The opposite of people-pleasing is courageous authenticity. Being authentic doesn’t mean disagreeing with everyone. There is tact and strategy involved. However, when you bring your genuine self to every encounter, you enrich the lives of the people around you.

Your beliefs, values, and opinions are valid and important and should be proudly worn. Believe with conviction and act with courage!

5. Speak to yourself as you would to a friend:

We are sometimes our own worst critics, and this most often shows up in the form of negative self-talk. You start talking down to yourself, and you are more demanding of yourself than you would ever be to anyone else.

Practice flipping the script a bit. Because when you apply self-compassion, you will lower your cortisol levels (stress hormone) and increase your resilience and performance under stress (Rockliff et al., 2008).

Be reassuring, supportive, and encouraging. Remind yourself that it’s okay to make mistakes. Tell yourself that you can do it. Use positive self-talk and statements that remind you of how strong, capable, and high-performing you actually are!

What does living with self-love look like?

It took me a long time to love myself after I lost my wife. I felt like I had failed her, I was failing my kids, and I was wracked with guilt for burdening the people closest to me.

What started out as beating myself up for failing to meet my previous standards gradually turned into learning how to love myself again. I had to learn how to let go, forgive myself, and prioritize my needs. Instead of resenting myself for pulling back, I learned how to swallow my pride, ask for help, and focus on building my life back up at MY PACE.

Although I’ll never be back to the same strength, I’ve found grit in unexpected areas. I finally gained the confidence to unapologetically stand up for “ME.” This has allowed me to put my limited energy toward the things that really matter in my life – my kids, my relationships, and my work. Although this is still a work in progress, I’m closer to my family and kids than ever, which has been a hidden blessing.

And that’s what self-love is all about – not trying to be who you once were but embracing who you are now.

Ultimately, self-love means giving yourself permission to say yes to YOU.

Because when you genuinely love yourself, you can confidently live your life the way you choose. You learn to silence the voices of doubt and insecurity, and you choose not to let setbacks define who you are or the value you provide to the world.

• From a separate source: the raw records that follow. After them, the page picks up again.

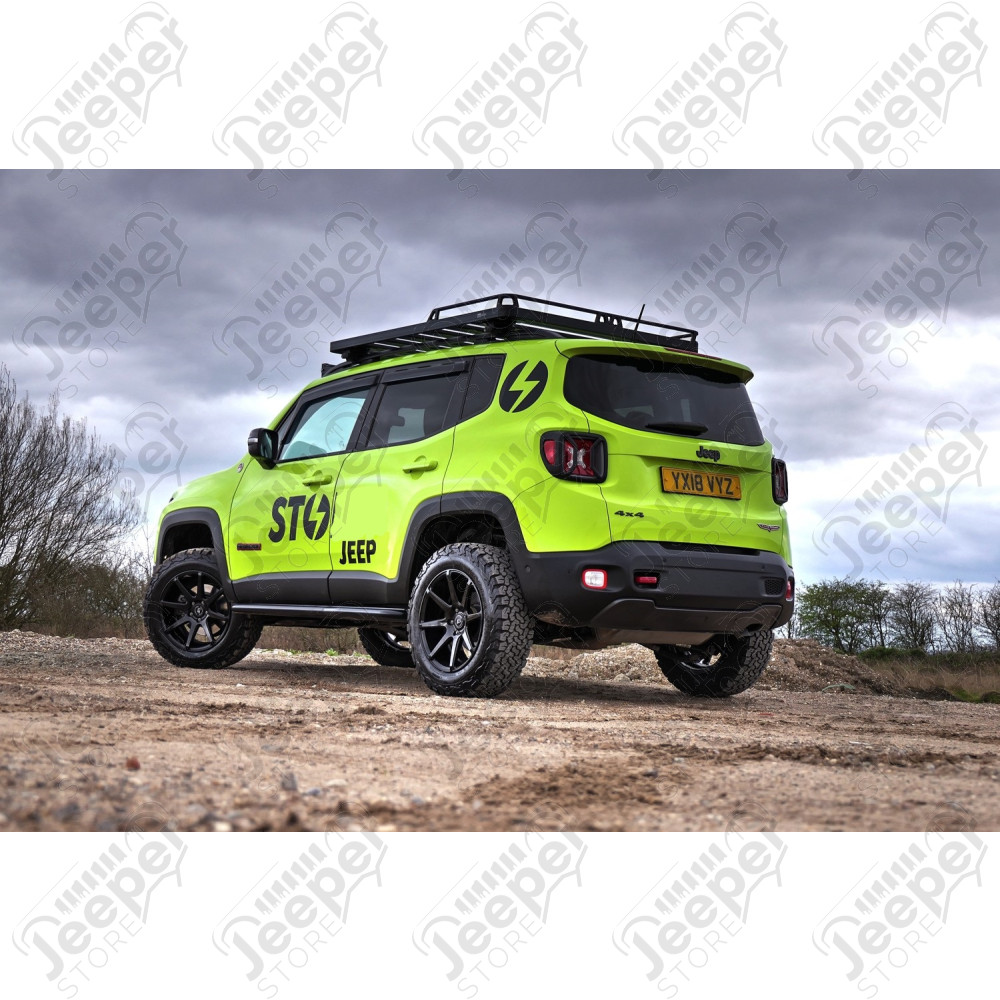 Kit de marches pieds tubulaire noir (diamètre : 3") Jeep Renegade BU
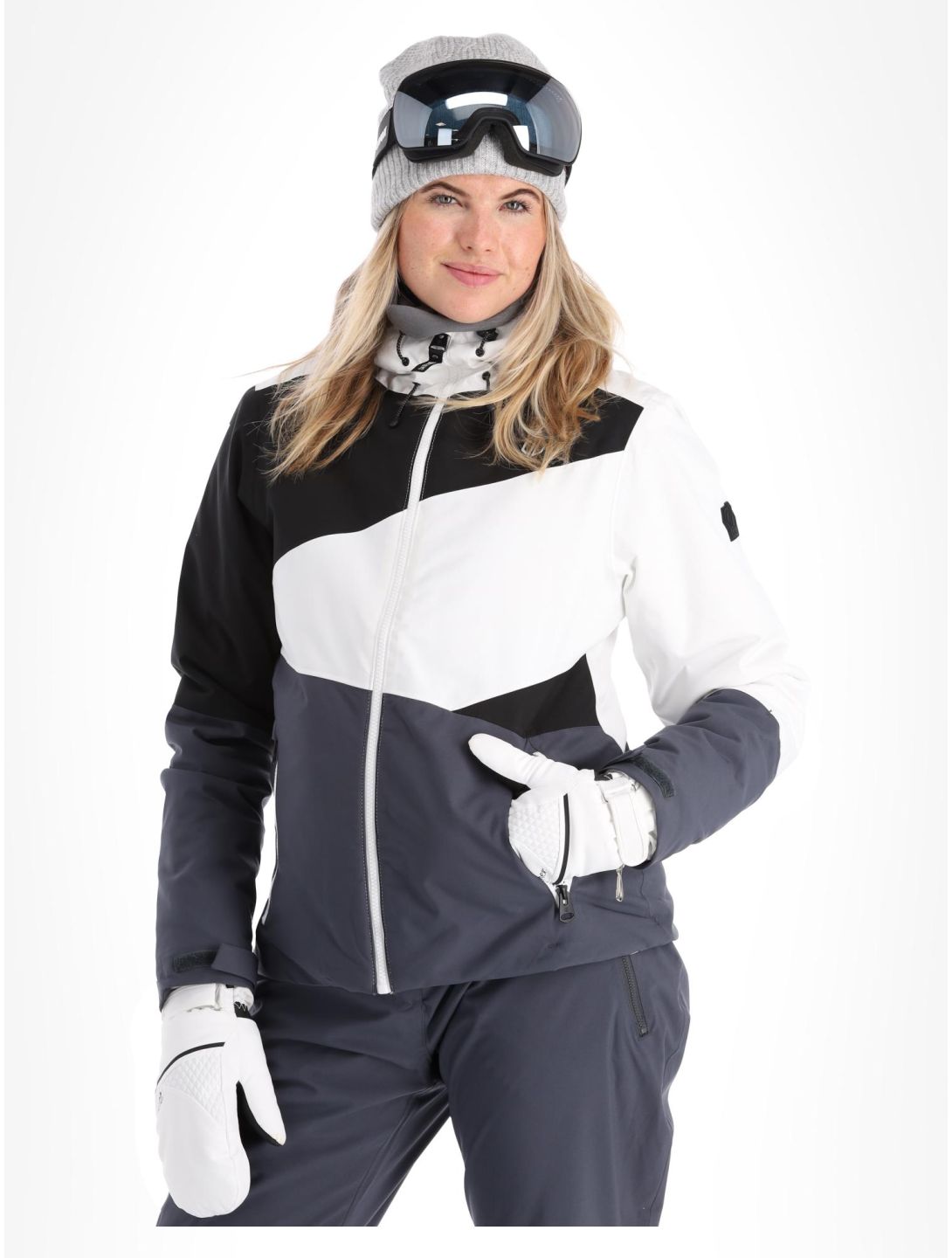 Dare2b, Ice ski-jas dames White / Ebony Grey grijs, wit 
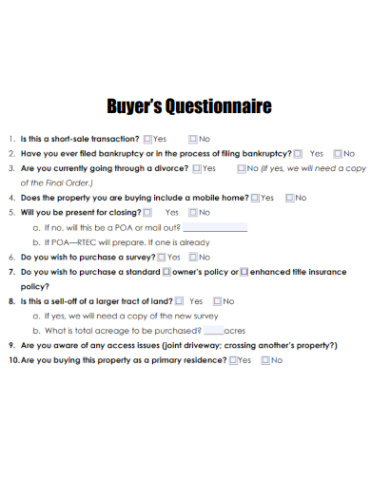 free free 30 buyer questionnaire samples in ms word  google docs  google sheets  ms excel  apple home buyer questionnaire template pdf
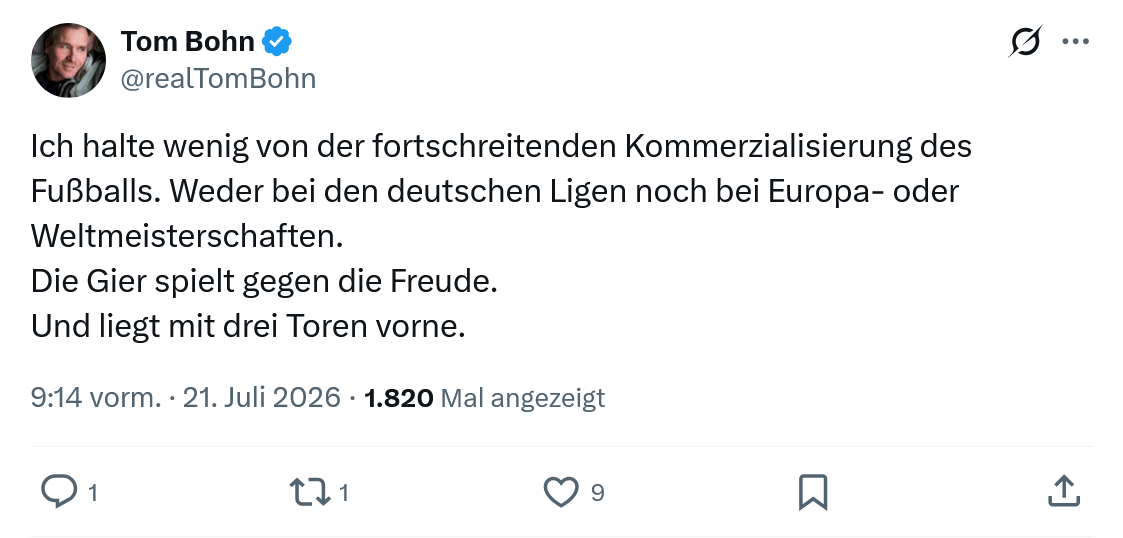 Tom Bohn: Ich halte wenig von der fortschreitenden...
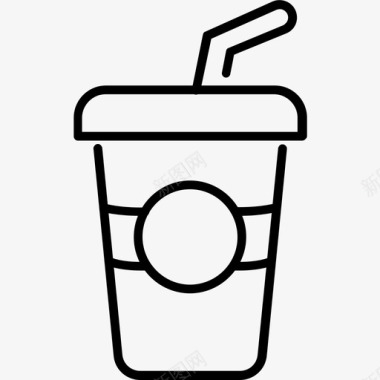 咖啡杯卡布奇诺饮料图标图标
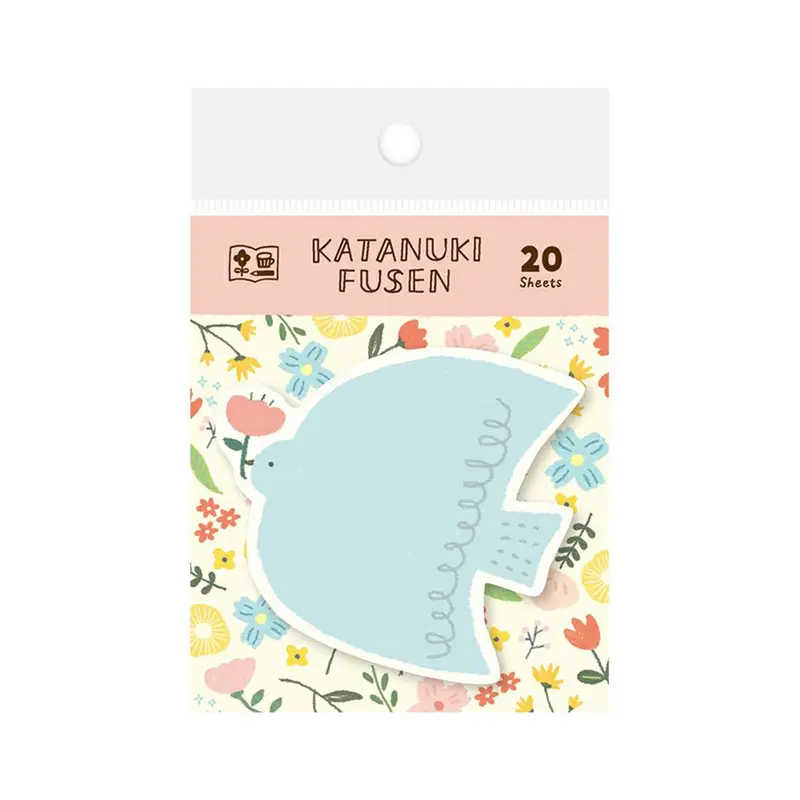 Furukawa Shiko Die Cut Sticky Notes - Little Bird - Watashi Biyori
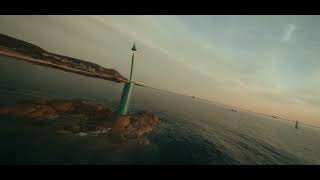 Cinelifter over water Sunset FPV Cruise  Shendrones Siccario [upl. by Yerd]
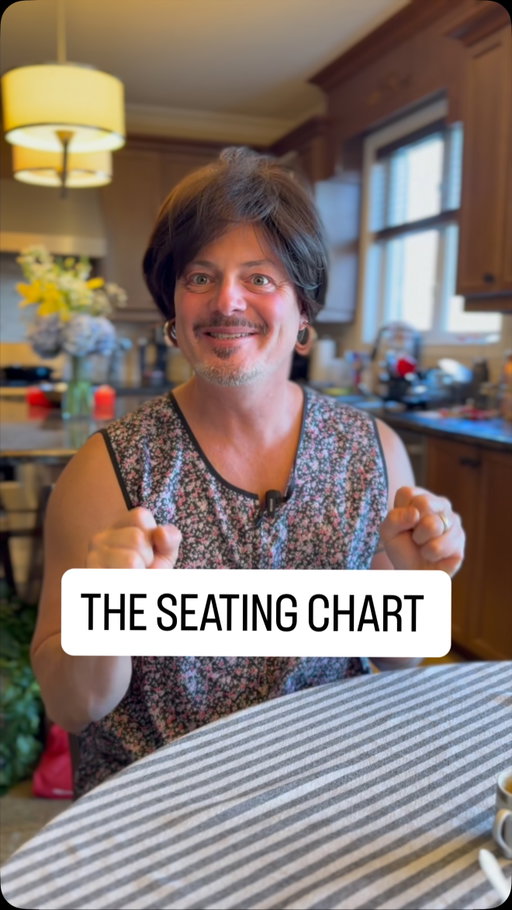 The seating chart…
@frankspadone @cosimotucci 

#wedding #comedy #sketch #italian #relatable #weddingday #funny #son #mom #frankncos #guest #família #skits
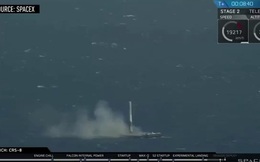 Bước ngoặt lịch sử của Elon Musk: SpaceX hạ cánh thành công tên lửa Falcon 9 trên biển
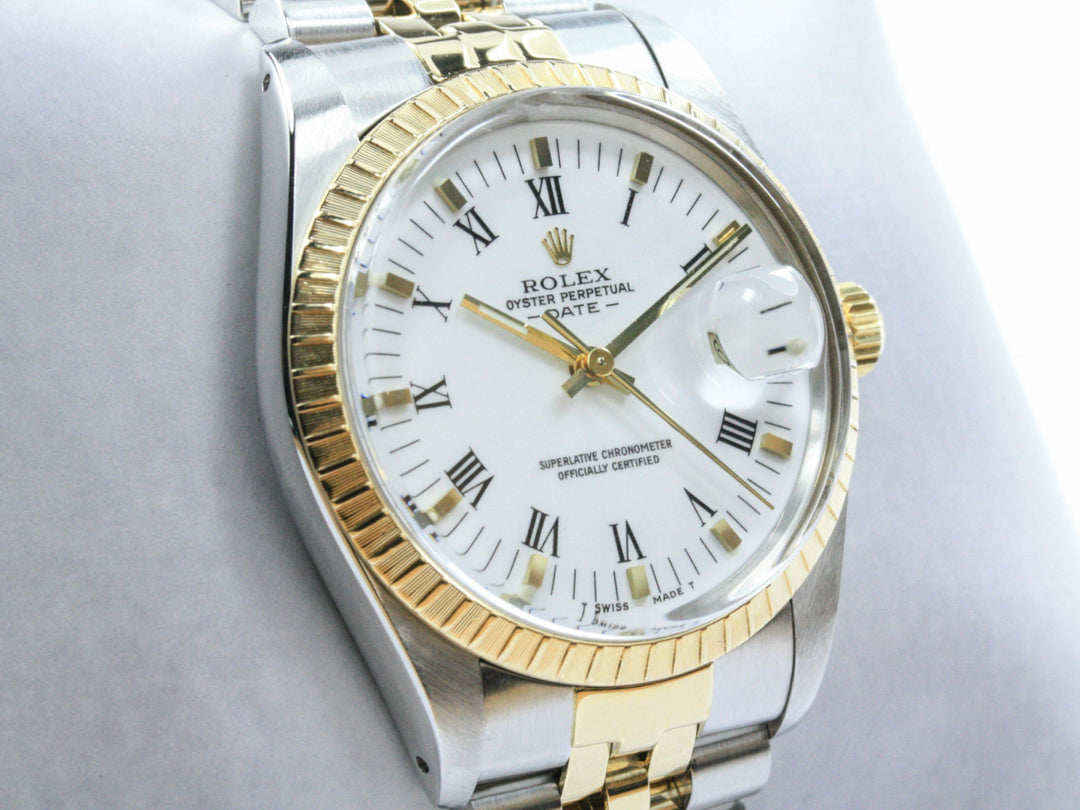 15053_RLX_Date_34mm_Bicolor_Jubilee_Servicepaper_LC110_FSet_1989_L-Serie_3-scaled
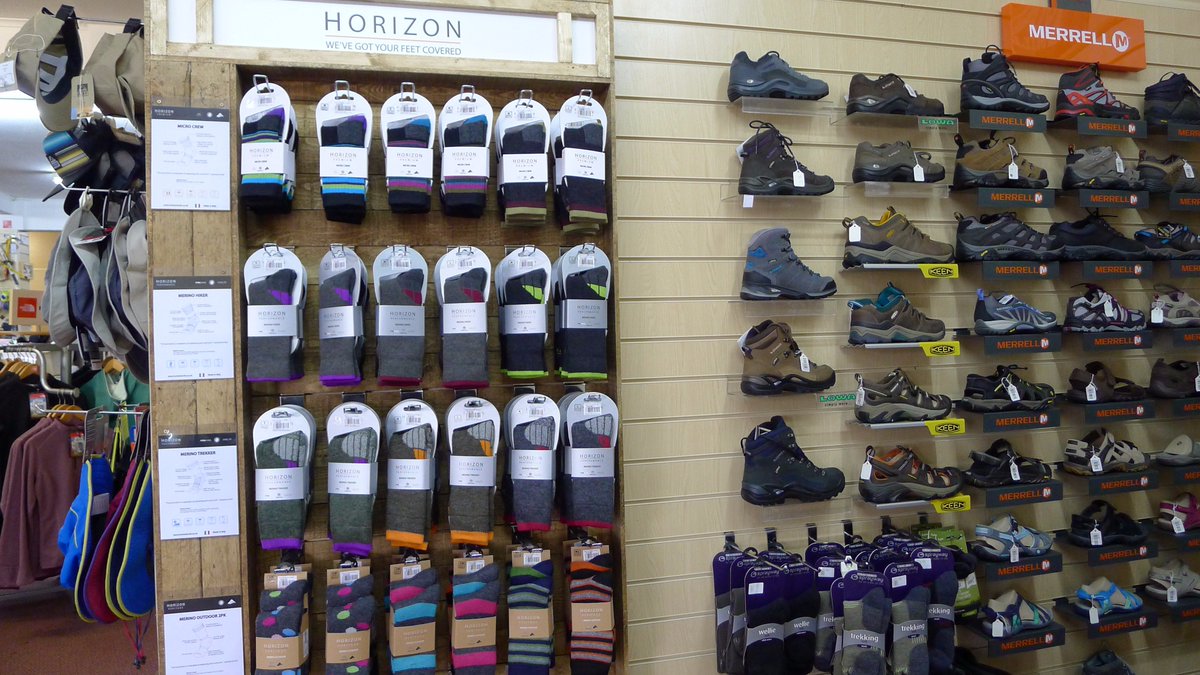 HorizonSocks's tweet photo. New custom stand installed at Outback Trading, Helston #Cornwall #WeveGotYourFeetCovered #HorizonSocks #Premium #Performance #Heritage https://t.co/J41CWxzYam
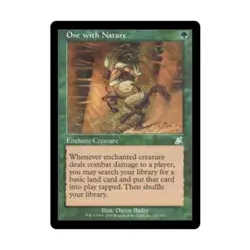 WOTC MtG Scourge One with Nature (U) (Foil) EX - Image 1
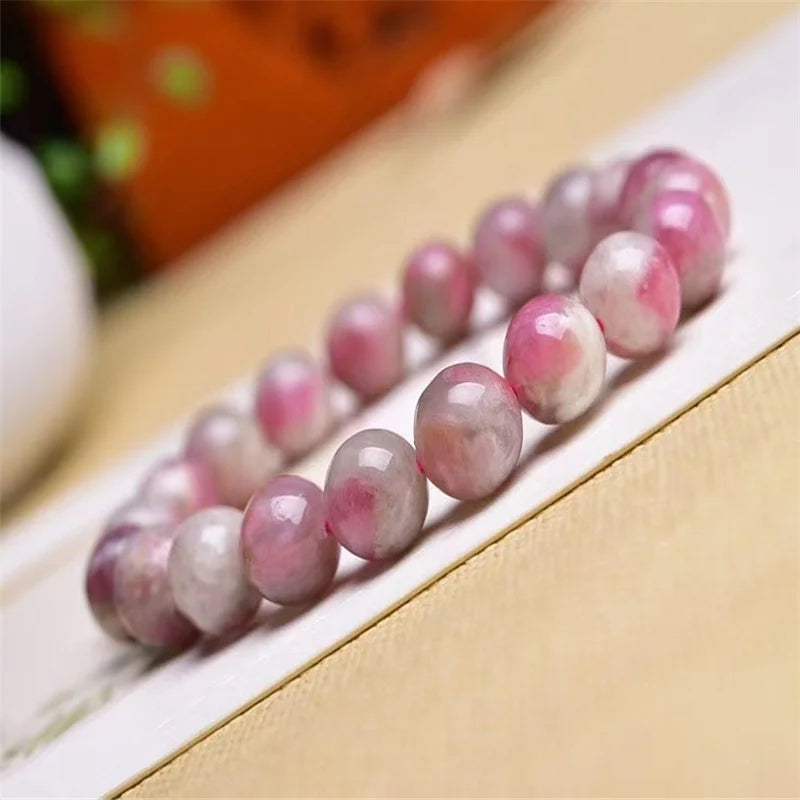 Plum Blossom Tourmaline Healing Bracelet Single Loop Crystal Bracelet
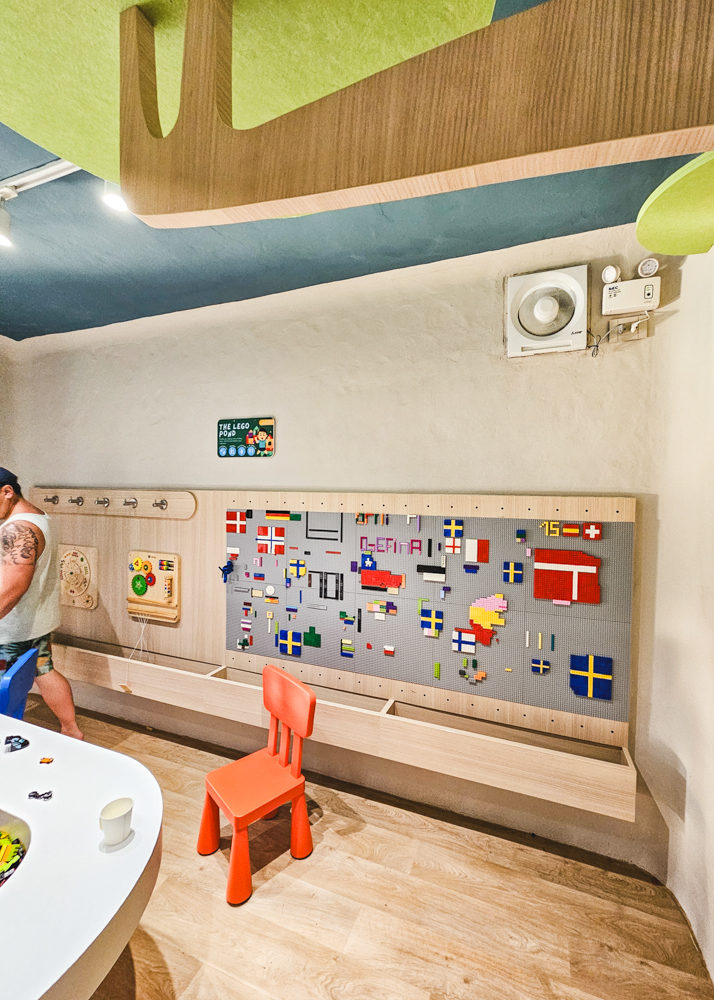 The Naka Island Upstairs Lego Wall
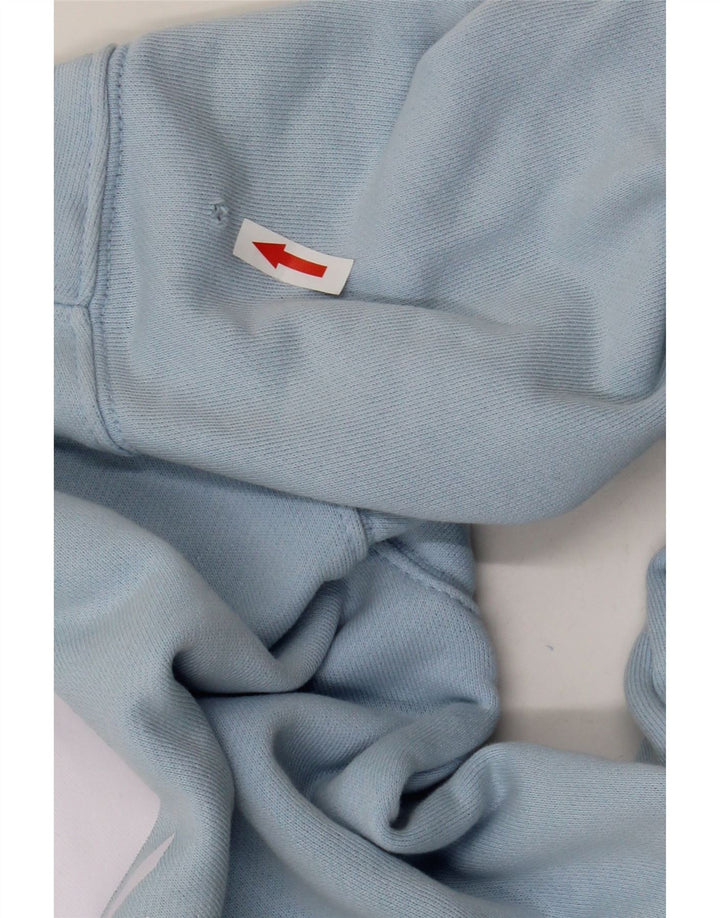 Damska bluza Adidas Graphic Oversized Sweter UK 8 Small Blue Cotton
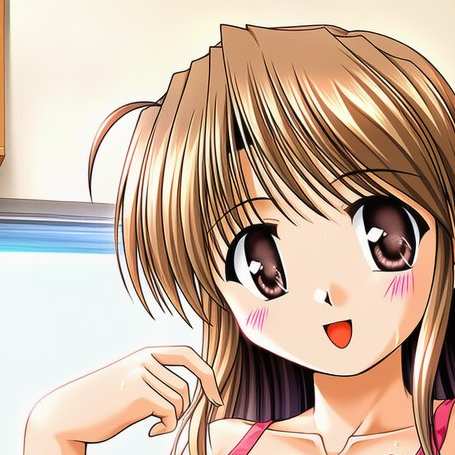 藤枝保奈美　エプロンイラスト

It’s not just about you but about the people you can help. When you love yourself, you put energy into what brings you the most meaning and fulfillment. Your values-aligned decisions become powerful drivers because you know that being at your best lets you do more of what you do best.

And that’s what it’s all about. Living a life of purpose, meaning, and fulfillment. Living an enriched life lets you enrich the lives of those you care about - because when you love yourself, you have more love to share with the world. And we all know that the world needs it now more than ever.

So, say yes to you and share that gift of love!